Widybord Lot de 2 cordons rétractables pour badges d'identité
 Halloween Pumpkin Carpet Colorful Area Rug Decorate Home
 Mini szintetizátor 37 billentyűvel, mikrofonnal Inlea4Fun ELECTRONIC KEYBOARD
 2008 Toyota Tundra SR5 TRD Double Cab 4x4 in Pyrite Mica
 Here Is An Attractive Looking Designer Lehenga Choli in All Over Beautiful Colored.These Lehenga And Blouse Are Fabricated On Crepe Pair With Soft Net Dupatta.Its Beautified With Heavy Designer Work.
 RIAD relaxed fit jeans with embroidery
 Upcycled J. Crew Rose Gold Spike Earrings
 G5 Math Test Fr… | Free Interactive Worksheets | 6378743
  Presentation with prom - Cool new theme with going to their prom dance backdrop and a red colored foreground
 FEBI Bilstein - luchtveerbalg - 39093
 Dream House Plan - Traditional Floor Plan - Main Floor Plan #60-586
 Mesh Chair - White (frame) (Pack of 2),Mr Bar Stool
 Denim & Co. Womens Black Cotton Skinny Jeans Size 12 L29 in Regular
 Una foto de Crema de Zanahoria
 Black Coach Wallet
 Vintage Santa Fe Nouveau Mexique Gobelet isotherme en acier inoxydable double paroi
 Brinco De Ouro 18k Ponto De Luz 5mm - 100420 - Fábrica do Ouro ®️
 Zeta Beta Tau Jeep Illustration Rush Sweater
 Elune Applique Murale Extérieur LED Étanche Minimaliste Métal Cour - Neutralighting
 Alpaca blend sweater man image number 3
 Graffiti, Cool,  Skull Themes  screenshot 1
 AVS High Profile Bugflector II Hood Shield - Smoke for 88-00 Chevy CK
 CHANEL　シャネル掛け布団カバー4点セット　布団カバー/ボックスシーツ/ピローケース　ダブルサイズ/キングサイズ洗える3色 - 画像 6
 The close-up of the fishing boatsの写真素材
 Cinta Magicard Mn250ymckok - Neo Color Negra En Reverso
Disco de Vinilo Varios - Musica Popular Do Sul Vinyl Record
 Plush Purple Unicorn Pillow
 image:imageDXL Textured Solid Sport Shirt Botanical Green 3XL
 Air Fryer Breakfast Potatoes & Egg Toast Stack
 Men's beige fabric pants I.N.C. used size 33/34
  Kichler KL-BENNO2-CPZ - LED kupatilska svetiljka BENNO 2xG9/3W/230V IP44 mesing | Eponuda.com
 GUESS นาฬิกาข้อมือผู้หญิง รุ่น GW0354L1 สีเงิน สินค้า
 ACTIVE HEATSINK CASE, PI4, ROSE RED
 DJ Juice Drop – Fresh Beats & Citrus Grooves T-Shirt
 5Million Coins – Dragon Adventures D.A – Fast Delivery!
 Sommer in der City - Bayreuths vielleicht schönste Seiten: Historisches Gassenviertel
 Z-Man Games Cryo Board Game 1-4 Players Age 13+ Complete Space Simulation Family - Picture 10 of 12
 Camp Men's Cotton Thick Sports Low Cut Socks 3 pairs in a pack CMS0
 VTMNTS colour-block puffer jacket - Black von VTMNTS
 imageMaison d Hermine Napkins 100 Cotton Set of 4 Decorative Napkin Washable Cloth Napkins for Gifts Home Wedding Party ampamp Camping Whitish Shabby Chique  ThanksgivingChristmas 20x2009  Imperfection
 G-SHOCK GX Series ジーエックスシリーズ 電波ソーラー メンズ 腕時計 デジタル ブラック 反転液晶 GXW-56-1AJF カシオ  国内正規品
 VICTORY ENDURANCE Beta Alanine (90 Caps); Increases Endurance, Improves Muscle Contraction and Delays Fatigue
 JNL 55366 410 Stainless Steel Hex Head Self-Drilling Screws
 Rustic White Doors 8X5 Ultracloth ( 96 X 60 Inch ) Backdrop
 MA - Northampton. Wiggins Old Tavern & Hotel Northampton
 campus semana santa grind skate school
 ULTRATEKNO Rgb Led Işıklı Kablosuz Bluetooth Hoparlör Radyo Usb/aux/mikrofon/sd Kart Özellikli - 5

——————

- ABOUT THIS EXERCISE -
Starting with the line above that holds "RIAD relaxed fit jeans with embroidery" and stopping with the line that holds "Kichler KL-BENNO2-CPZ - LED", reproduce each line exactly, omitting all other lines.

- RESPONSE BELOW -
 RIAD relaxed fit jeans with embroidery
 Upcycled J. Crew Rose Gold Spike Earrings
 G5 Math Test Fr… | Free Interactive Worksheets | 6378743
  Presentation with prom - Cool new theme with going to their prom dance backdrop and a red colored foreground
 FEBI Bilstein - luchtveerbalg - 39093
 Dream House Plan - Traditional Floor Plan - Main Floor Plan #60-586
 Mesh Chair - White (frame) (Pack of 2),Mr Bar Stool
 Denim & Co. Womens Black Cotton Skinny Jeans Size 12 L29 in Regular
 Una foto de Crema de Zanahoria
 Black Coach Wallet
 Vintage Santa Fe Nouveau Mexique Gobelet isotherme en acier inoxydable double paroi
 Brinco De Ouro 18k Ponto De Luz 5mm - 100420 - Fábrica do Ouro ®️
 Zeta Beta Tau Jeep Illustration Rush Sweater
 Elune Applique Murale Extérieur LED Étanche Minimaliste Métal Cour - Neutralighting
 Alpaca blend sweater man image number 3
 Graffiti, Cool,  Skull Themes  screenshot 1
 AVS High Profile Bugflector II Hood Shield - Smoke for 88-00 Chevy CK
 CHANEL　シャネル掛け布団カバー4点セット　布団カバー/ボックスシーツ/ピローケース　ダブルサイズ/キングサイズ洗える3色 - 画像 6
 The close-up of the fishing boatsの写真素材
 Cinta Magicard Mn250ymckok - Neo Color Negra En Reverso
Disco de Vinilo Varios - Musica Popular Do Sul Vinyl Record
 Plush Purple Unicorn Pillow
 image:imageDXL Textured Solid Sport Shirt Botanical Green 3XL
 Air Fryer Breakfast Potatoes & Egg Toast Stack
 Men's beige fabric pants I.N.C. used size 33/34
  Kichler KL-BENNO2-CPZ - LED kupatilska svetiljka BENNO 2xG9/3W/230V IP44 mesing | Eponuda.com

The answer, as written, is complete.